No Illusions
The New Yorker, 31 January 1994
The death of Alexander Mackendrick, at the end of last year, did not receive the attention it deserved, Maybe this is no surprise; he hadn’t directed a film since 1967. But without him the landscape of cinema has grown dimmer, a little more barren of wit. Remember Alec Guinness in The Ladykillers, with his trailing scarf and maddened hair, a vampire long in the tooth; remember Burt Lancaster in Sweet Smell of Success, barking at Tony Curtis, “You sound happy, Sidney. Why should you be happy when I’m not?” Remember moments like these, and you are thinking of Mackendrick.
He was born in Boston, in 1912, to immigrant Scottish parents, and returned to Glasgow at the age of six. As a young man, he went to art school and then to London, bringing his design skills to the advertising firm of J. Walter Thompson. During the Second World War, he joined an Allied propaganda outfit that took him from Africa to the newly liberated Rome, where he filmed, among other things, the exhumation of massacred partisans and Jews. Years later, in a television interview, he described the scene: “A workman was handling a corpse, and the head fell off and rolled away. He reached round and got hold of the wrong head, and was putting it back with the torso. And I found myself screaming with rage at him – then realised the terrible slapstick humour of it, and I and the unit broke into paroxysms of laughter.” By any standard, this was a little darker than chocolate commercials, and it takes us straight to the heart of Mackendrick’s concerns – to the clear, unsqueamish focus of his mind’s eye.
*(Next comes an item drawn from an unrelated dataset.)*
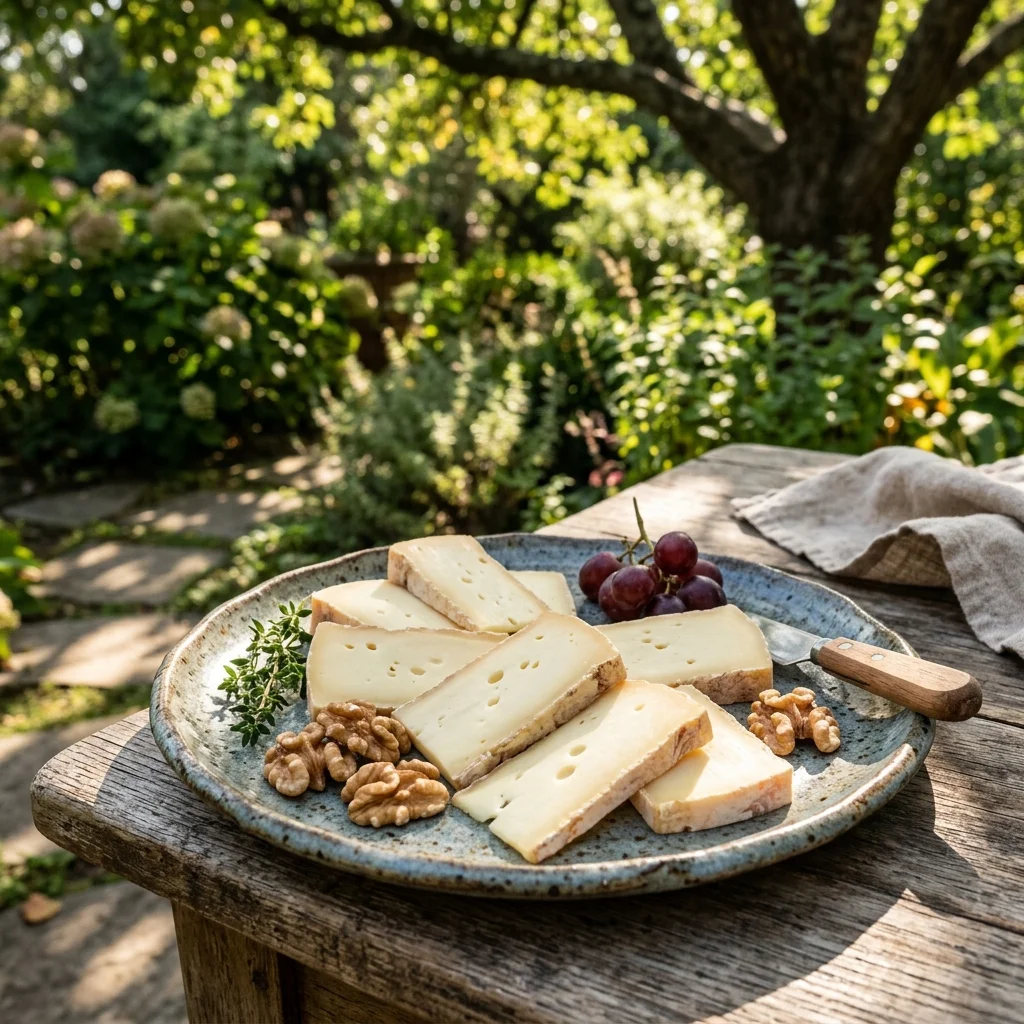 Fontina Cheese - nutrition facts and calorie information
There are no rotting heads in his films, though it would have been interesting to see him turn his hand to horror, but the world that he spins for us has two sides – the bright and the bitter – and it never comes to rest. Where there is danger, or the shadow of death, he nudges it toward a joke; and where there is comedy he rims it in black.
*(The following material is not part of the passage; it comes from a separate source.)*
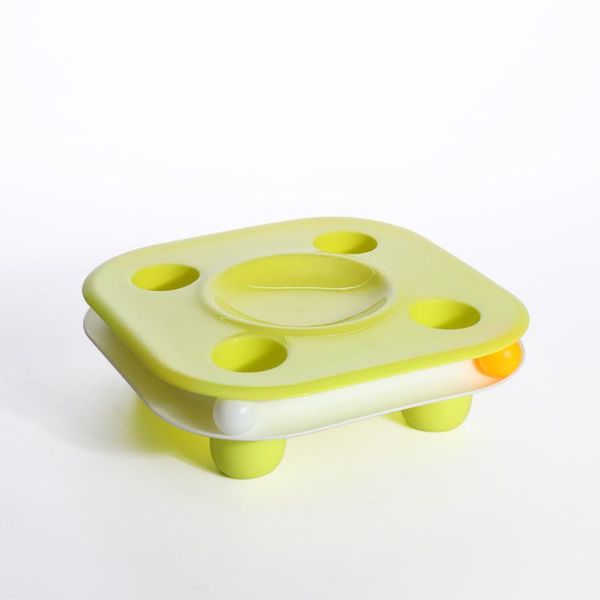 cat bowls & feeders feeder puzzle toys fun circle track with moving balls satisfies chasing exercising needs for kitten he
cat bowls & feeders feeder puzzle toys fun circle track with moving balls satisfies chasing exercising needs for kitten he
This may be too grand a claim for his debut feature, Whisky Galore!, but it’s easy to forget the sharp edges that Mackendrick carved in a piece of whimsy. The plot, adapted from a Compton Mackenzie novel, tells of a cargo of whiskey shipwrecked off the coast of an island; the locals plunder it before the ship goes down, and spend the rest of the film hiding the loot from marauding revenue men. The tale sounds too innocent for its own good, but that is precisely what engages Mackendrick’s curiosity: for him innocence is not so much a state of grace as a starting gun, liable to set off all kinds of chaos. Just look at Mrs. Wilberforce, in The Ladykillers, the old dear who wouldn’t hurt a fly but who sends a handful of crooks to their deaths without even trying. Mackendrick was himself a man of high principles, but he had the moral imagination to see where they could lead; when the meek look like inheriting the earth, you want to stay clear.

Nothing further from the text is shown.